• Problem statement
All of the data is to be written out again exactly, without the pictures.

• Data block
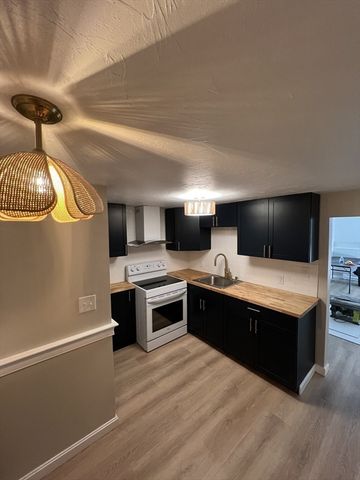 2 Tideview 8, Plymouth, MA 02368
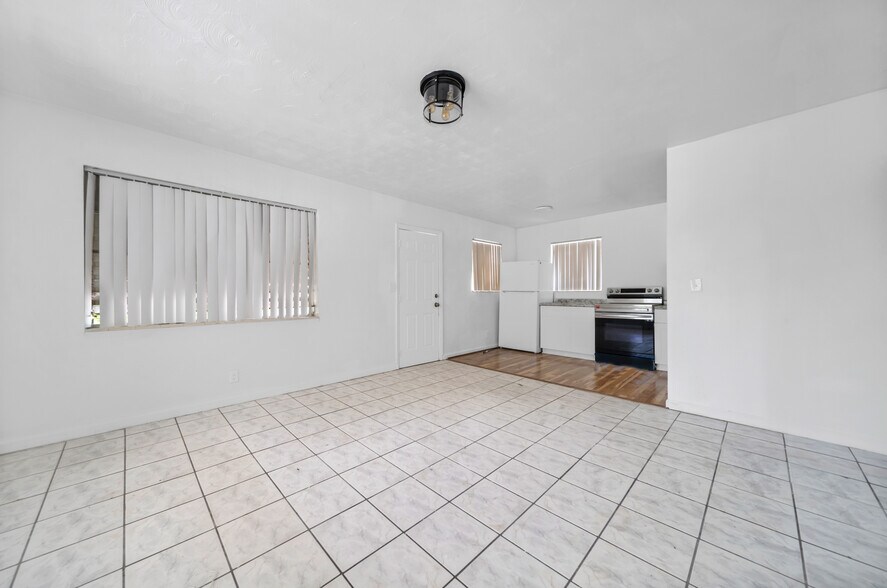 More Photos Of 1943-1947 Buchanan St, Hollywood Apartments For Sale
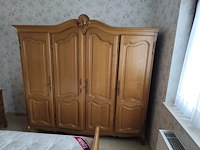 Louis xv slaapkamer bestaande uit commode 4 laden, 2 kleine commode 5 laden, kleerkast 4 deuren, kleerkast 3 deuren, tweepersoonsbed met matras - afbeelding 2 van  19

• Task result
 2 Tideview 8, Plymouth, MA 02368
 More Photos Of 1943-1947 Buchanan St, Hollywood Apartments For Sale
 Louis xv slaapkamer bestaande uit commode 4 laden, 2 kleine commode 5 laden, kleerkast 4 deuren, kleerkast 3 deuren, tweepersoonsbed met matras - afbeelding 2 van  19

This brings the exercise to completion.